• _Task description_: From the first line to the last, return the data exactly as it stands.

• _Data supplied_:
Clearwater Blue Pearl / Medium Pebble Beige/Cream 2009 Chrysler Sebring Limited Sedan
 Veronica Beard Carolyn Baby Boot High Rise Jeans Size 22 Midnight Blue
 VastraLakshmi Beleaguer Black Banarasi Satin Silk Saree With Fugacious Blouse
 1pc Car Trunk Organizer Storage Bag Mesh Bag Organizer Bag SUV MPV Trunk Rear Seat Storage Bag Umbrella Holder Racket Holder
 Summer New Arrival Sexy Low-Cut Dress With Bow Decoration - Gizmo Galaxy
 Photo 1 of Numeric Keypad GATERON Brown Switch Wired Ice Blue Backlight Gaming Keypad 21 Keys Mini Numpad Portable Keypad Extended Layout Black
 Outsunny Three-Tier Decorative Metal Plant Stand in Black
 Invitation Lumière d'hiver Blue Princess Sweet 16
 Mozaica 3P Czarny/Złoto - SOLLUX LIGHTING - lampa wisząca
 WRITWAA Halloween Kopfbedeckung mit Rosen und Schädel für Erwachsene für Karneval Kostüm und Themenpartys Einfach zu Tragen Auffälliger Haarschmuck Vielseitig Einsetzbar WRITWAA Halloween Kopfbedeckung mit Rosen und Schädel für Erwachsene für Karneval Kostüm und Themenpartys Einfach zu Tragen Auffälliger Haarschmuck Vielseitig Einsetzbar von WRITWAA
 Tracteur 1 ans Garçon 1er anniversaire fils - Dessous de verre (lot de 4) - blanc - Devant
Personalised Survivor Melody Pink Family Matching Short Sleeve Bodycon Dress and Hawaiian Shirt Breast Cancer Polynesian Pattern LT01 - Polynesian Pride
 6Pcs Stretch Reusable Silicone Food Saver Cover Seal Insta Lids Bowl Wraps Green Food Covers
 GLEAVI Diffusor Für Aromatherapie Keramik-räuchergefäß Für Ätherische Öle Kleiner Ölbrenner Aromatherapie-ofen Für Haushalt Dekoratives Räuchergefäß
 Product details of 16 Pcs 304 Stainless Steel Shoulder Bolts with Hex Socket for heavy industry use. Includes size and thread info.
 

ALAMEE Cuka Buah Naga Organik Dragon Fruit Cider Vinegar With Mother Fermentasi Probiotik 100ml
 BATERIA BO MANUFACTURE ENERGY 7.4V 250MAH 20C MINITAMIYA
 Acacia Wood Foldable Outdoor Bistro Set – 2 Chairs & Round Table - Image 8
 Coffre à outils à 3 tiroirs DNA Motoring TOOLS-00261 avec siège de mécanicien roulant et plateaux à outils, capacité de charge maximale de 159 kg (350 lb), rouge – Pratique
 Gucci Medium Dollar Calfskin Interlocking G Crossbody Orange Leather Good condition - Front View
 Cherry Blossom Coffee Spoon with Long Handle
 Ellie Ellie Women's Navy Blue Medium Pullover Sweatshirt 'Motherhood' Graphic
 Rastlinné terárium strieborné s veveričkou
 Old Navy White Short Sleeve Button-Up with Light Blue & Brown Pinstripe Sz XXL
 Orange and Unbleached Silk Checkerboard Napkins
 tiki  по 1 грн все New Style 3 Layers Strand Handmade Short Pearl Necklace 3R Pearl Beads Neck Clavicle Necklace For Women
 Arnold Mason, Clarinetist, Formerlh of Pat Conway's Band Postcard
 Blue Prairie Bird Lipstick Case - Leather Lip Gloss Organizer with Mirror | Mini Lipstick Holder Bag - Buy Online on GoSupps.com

• _Result below_:
Clearwater Blue Pearl / Medium Pebble Beige/Cream 2009 Chrysler Sebring Limited Sedan
 Veronica Beard Carolyn Baby Boot High Rise Jeans Size 22 Midnight Blue
 VastraLakshmi Beleaguer Black Banarasi Satin Silk Saree With Fugacious Blouse
 1pc Car Trunk Organizer Storage Bag Mesh Bag Organizer Bag SUV MPV Trunk Rear Seat Storage Bag Umbrella Holder Racket Holder
 Summer New Arrival Sexy Low-Cut Dress With Bow Decoration - Gizmo Galaxy
 Photo 1 of Numeric Keypad GATERON Brown Switch Wired Ice Blue Backlight Gaming Keypad 21 Keys Mini Numpad Portable Keypad Extended Layout Black
 Outsunny Three-Tier Decorative Metal Plant Stand in Black
 Invitation Lumière d'hiver Blue Princess Sweet 16
 Mozaica 3P Czarny/Złoto - SOLLUX LIGHTING - lampa wisząca
 WRITWAA Halloween Kopfbedeckung mit Rosen und Schädel für Erwachsene für Karneval Kostüm und Themenpartys Einfach zu Tragen Auffälliger Haarschmuck Vielseitig Einsetzbar WRITWAA Halloween Kopfbedeckung mit Rosen und Schädel für Erwachsene für Karneval Kostüm und Themenpartys Einfach zu Tragen Auffälliger Haarschmuck Vielseitig Einsetzbar von WRITWAA
 Tracteur 1 ans Garçon 1er anniversaire fils - Dessous de verre (lot de 4) - blanc - Devant
Personalised Survivor Melody Pink Family Matching Short Sleeve Bodycon Dress and Hawaiian Shirt Breast Cancer Polynesian Pattern LT01 - Polynesian Pride
 6Pcs Stretch Reusable Silicone Food Saver Cover Seal Insta Lids Bowl Wraps Green Food Covers
 GLEAVI Diffusor Für Aromatherapie Keramik-räuchergefäß Für Ätherische Öle Kleiner Ölbrenner Aromatherapie-ofen Für Haushalt Dekoratives Räuchergefäß
 Product details of 16 Pcs 304 Stainless Steel Shoulder Bolts with Hex Socket for heavy industry use. Includes size and thread info.
 

ALAMEE Cuka Buah Naga Organik Dragon Fruit Cider Vinegar With Mother Fermentasi Probiotik 100ml
 BATERIA BO MANUFACTURE ENERGY 7.4V 250MAH 20C MINITAMIYA
 Acacia Wood Foldable Outdoor Bistro Set – 2 Chairs & Round Table - Image 8
 Coffre à outils à 3 tiroirs DNA Motoring TOOLS-00261 avec siège de mécanicien roulant et plateaux à outils, capacité de charge maximale de 159 kg (350 lb), rouge – Pratique
 Gucci Medium Dollar Calfskin Interlocking G Crossbody Orange Leather Good condition - Front View
 Cherry Blossom Coffee Spoon with Long Handle
 Ellie Ellie Women's Navy Blue Medium Pullover Sweatshirt 'Motherhood' Graphic
 Rastlinné terárium strieborné s veveričkou
 Old Navy White Short Sleeve Button-Up with Light Blue & Brown Pinstripe Sz XXL
 Orange and Unbleached Silk Checkerboard Napkins
 tiki  по 1 грн все New Style 3 Layers Strand Handmade Short Pearl Necklace 3R Pearl Beads Neck Clavicle Necklace For Women
 Arnold Mason, Clarinetist, Formerlh of Pat Conway's Band Postcard
 Blue Prairie Bird Lipstick Case - Leather Lip Gloss Organizer with Mirror | Mini Lipstick Holder Bag - Buy Online on GoSupps.com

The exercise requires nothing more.